Problem statement: An exact restatement of the data is required, with the images omitted.

Data excerpt:
---

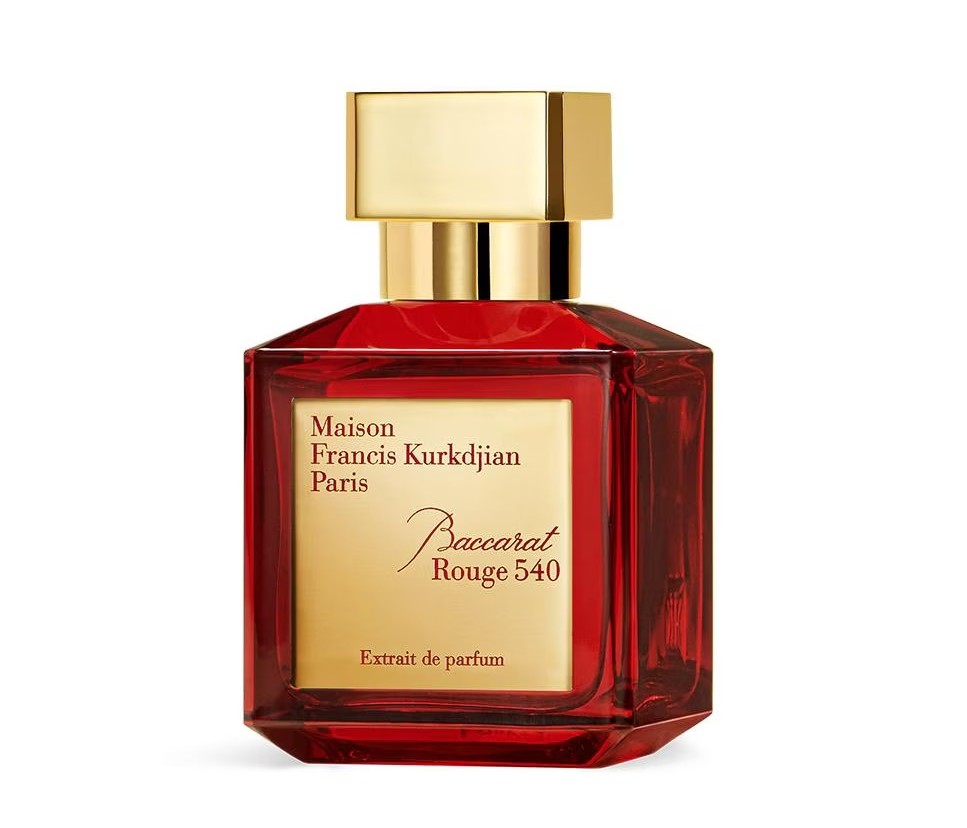 perfume-zara-red-temptation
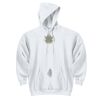 UltraBlend Pullover Hooded Sweatshirt Thumbnail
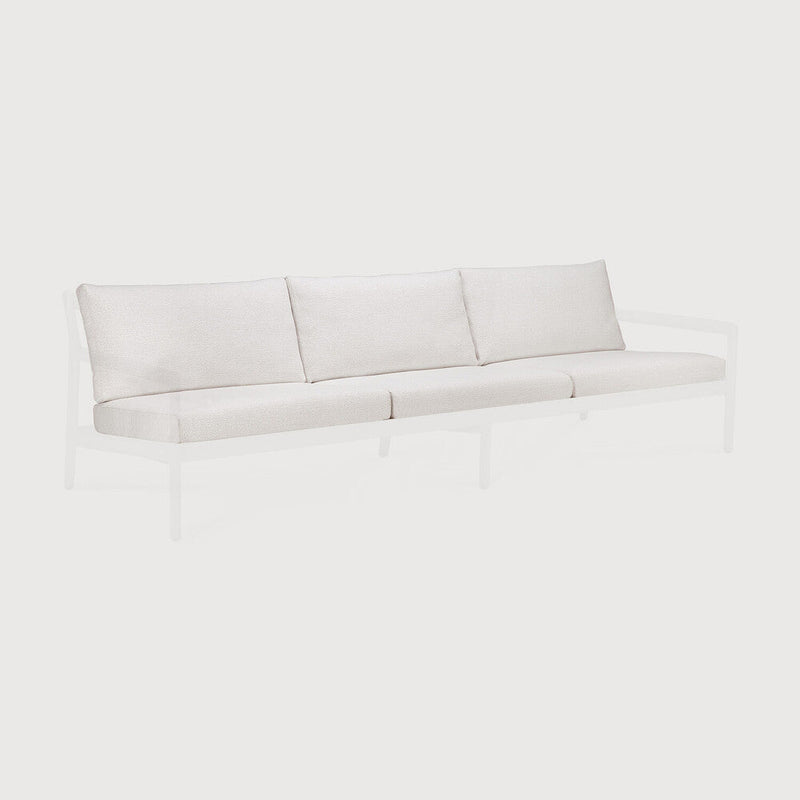 media image for Jack Outdoor Sofa Cushion Set 9 247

---

Result for this task:
 perfume-zara-red-temptation
 UltraBlend Pullover Hooded Sweatshirt Thumbnail
 media image for Jack Outdoor Sofa Cushion Set 9 247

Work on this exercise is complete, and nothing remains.